**What is required**
A faithful copy is required: retype the records from their first line through the line with "Mladost Backa Goals And Highlights", and omit the pictures.

**Material provided**

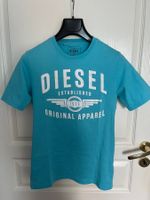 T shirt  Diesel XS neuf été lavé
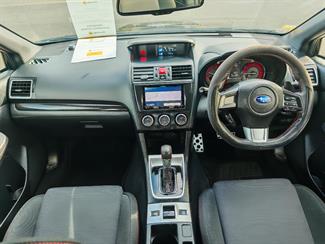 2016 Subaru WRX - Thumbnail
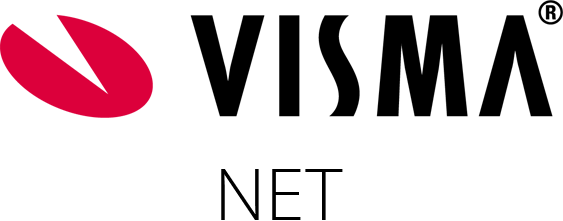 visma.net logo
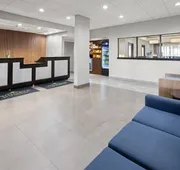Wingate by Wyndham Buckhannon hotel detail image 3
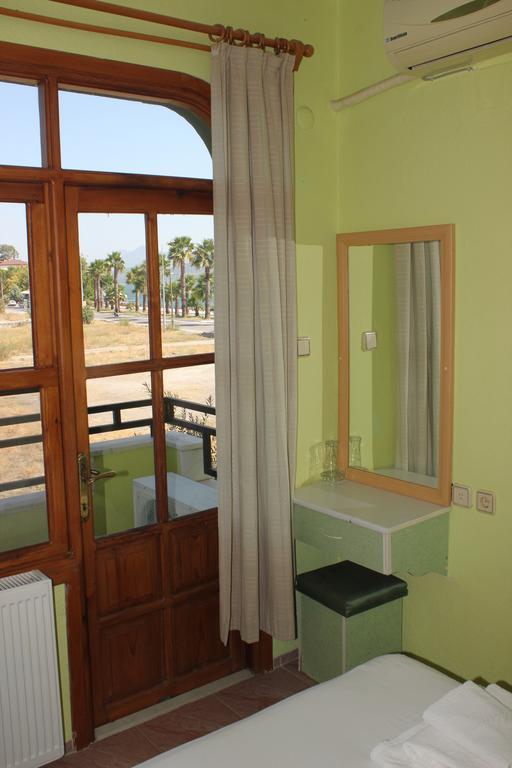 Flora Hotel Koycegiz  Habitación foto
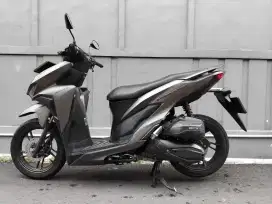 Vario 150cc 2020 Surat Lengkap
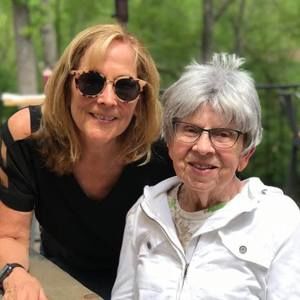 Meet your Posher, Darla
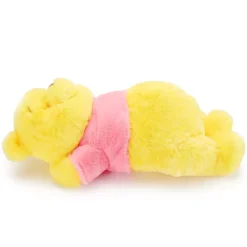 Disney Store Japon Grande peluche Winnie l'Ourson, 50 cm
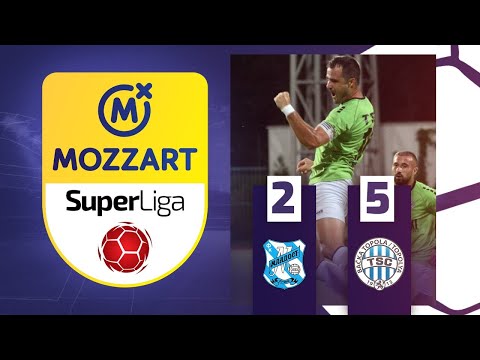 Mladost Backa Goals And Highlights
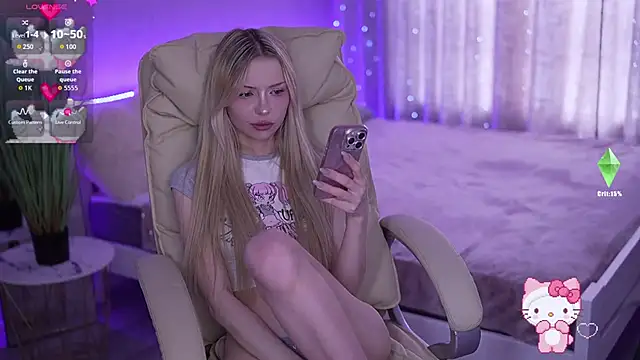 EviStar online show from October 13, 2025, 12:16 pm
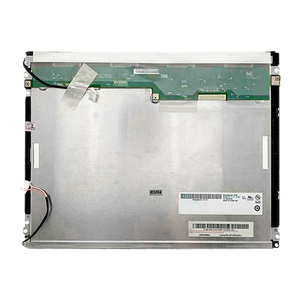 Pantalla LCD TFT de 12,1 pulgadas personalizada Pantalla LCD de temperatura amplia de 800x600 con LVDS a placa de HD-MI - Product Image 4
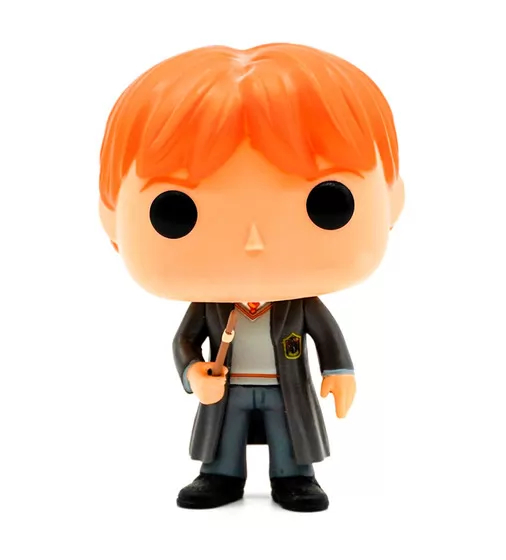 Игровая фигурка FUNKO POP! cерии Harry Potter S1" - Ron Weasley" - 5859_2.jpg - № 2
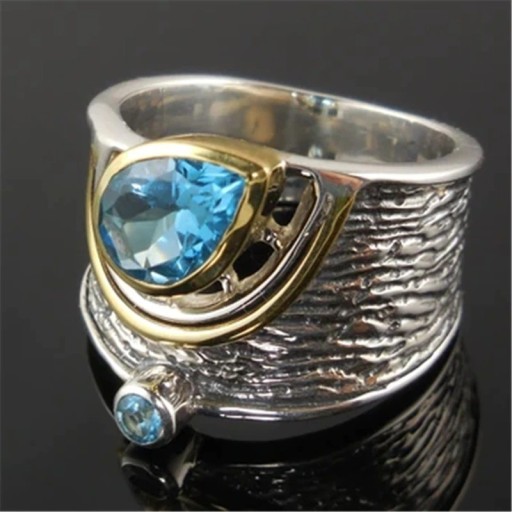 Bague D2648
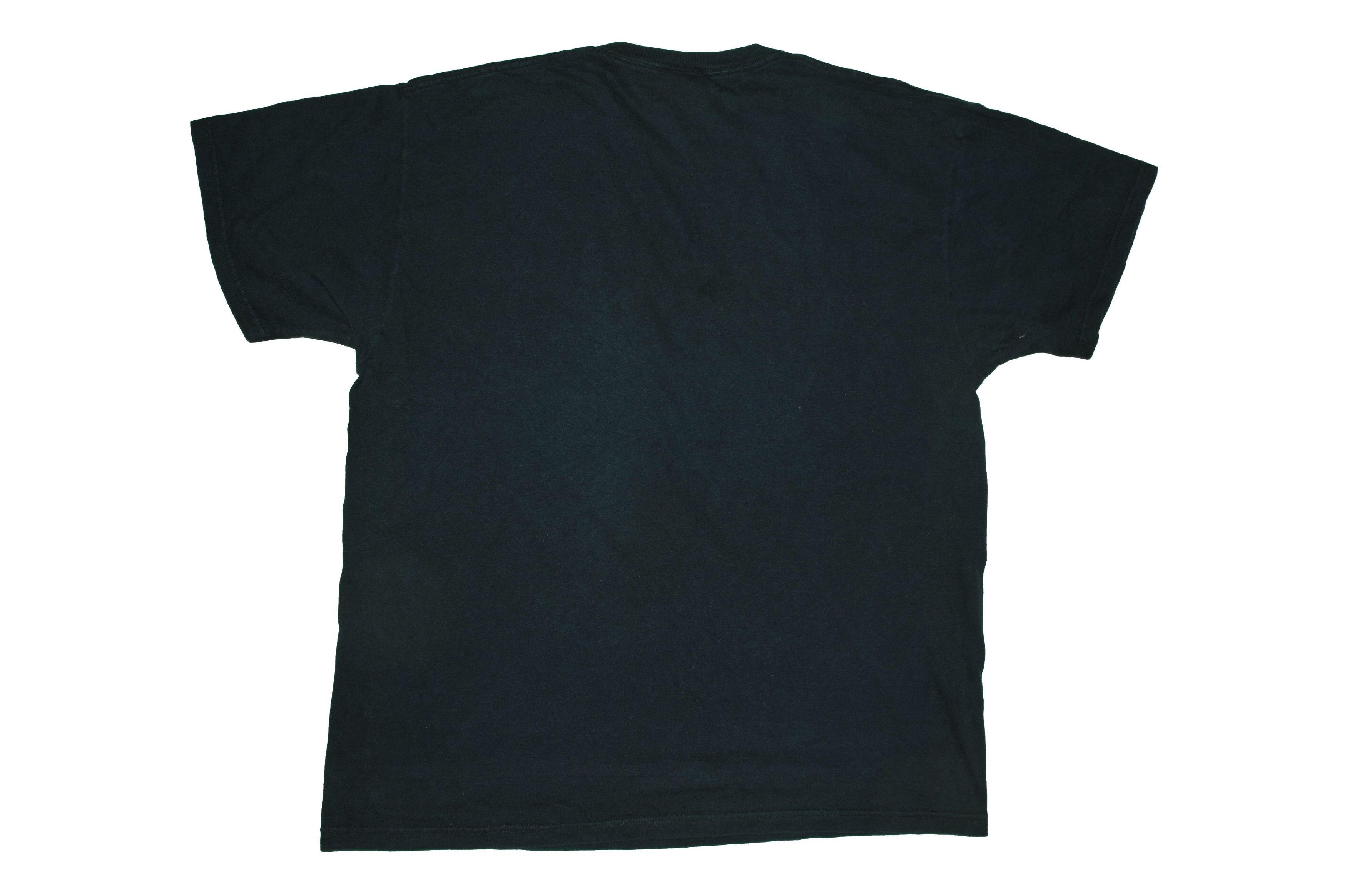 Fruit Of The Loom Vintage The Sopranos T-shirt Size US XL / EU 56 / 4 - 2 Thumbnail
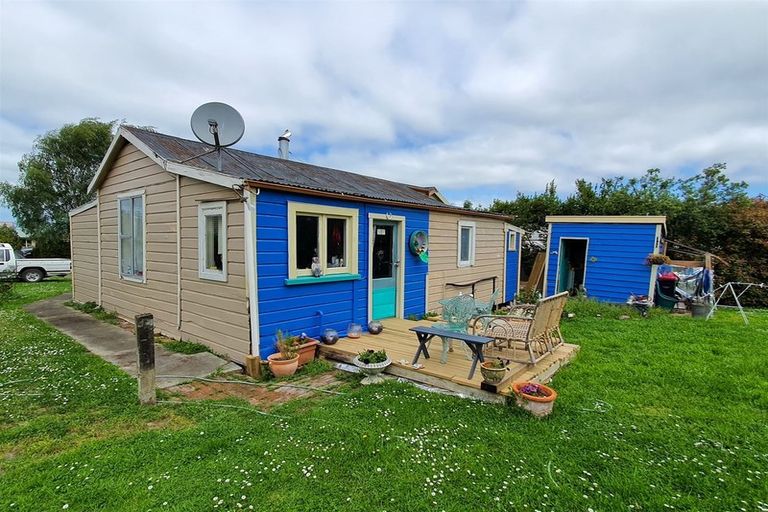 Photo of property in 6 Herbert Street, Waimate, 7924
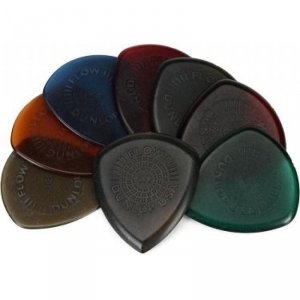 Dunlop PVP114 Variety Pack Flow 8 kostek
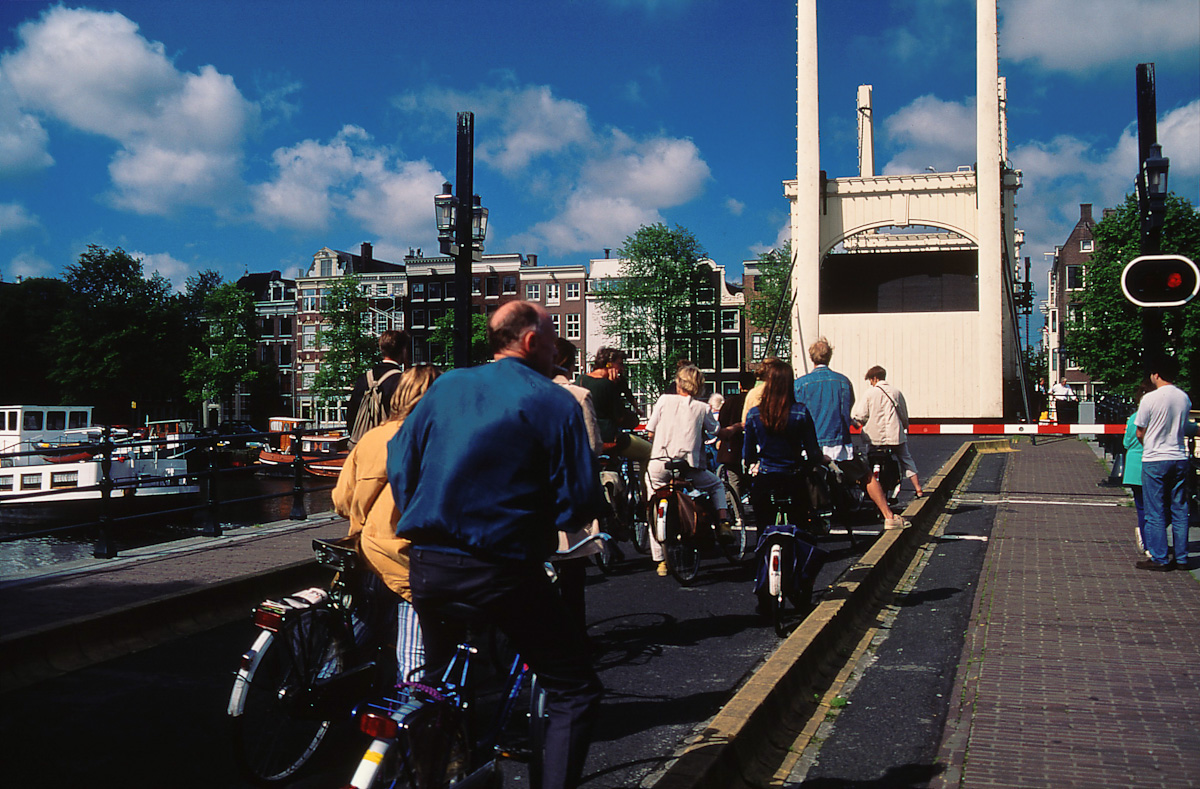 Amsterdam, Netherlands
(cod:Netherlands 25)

**Expected output**
 T shirt  Diesel XS neuf été lavé
 2016 Subaru WRX - Thumbnail
 visma.net logo
Wingate by Wyndham Buckhannon hotel detail image 3
 Flora Hotel Koycegiz  Habitación foto
 Vario 150cc 2020 Surat Lengkap
 Meet your Posher, Darla
 Disney Store Japon Grande peluche Winnie l'Ourson, 50 cm
 Mladost Backa Goals And Highlights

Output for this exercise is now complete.